___ PROVIDED RECORDS ___

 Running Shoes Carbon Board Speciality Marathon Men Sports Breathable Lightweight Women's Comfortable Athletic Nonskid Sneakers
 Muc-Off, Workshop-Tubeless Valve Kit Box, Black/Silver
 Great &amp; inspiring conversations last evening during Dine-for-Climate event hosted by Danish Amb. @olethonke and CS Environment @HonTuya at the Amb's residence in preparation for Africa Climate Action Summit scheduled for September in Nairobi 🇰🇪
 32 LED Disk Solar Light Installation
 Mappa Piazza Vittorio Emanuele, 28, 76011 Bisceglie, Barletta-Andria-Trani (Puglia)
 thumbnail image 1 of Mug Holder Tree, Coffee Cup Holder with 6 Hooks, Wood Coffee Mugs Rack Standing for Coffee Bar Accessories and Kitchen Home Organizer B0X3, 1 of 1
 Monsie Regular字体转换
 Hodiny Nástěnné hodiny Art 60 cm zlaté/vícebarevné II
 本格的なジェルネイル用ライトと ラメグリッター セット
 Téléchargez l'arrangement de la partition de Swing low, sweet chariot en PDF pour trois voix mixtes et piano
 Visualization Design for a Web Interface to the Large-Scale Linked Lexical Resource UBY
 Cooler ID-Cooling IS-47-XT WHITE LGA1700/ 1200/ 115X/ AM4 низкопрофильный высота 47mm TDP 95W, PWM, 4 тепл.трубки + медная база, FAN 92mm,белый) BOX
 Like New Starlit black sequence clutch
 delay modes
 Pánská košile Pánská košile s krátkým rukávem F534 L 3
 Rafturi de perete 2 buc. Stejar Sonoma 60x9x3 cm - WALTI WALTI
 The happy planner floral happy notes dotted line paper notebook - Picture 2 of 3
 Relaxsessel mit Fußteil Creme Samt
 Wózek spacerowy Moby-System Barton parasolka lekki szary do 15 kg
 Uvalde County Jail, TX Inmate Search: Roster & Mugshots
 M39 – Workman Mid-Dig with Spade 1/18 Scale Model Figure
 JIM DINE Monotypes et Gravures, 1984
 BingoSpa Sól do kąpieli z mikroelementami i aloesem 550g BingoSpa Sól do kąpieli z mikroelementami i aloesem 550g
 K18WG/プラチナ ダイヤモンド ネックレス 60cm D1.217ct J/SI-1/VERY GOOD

___

## WHAT YOU WILL DO
Only an exact copy of the lines from the beginning of the listing through the line with "Muc-Off, Workshop-Tubeless Valve", both included, belongs in the answer.

## RESULT
 Running Shoes Carbon Board Speciality Marathon Men Sports Breathable Lightweight Women's Comfortable Athletic Nonskid Sneakers
 Muc-Off, Workshop-Tubeless Valve Kit Box, Black/Silver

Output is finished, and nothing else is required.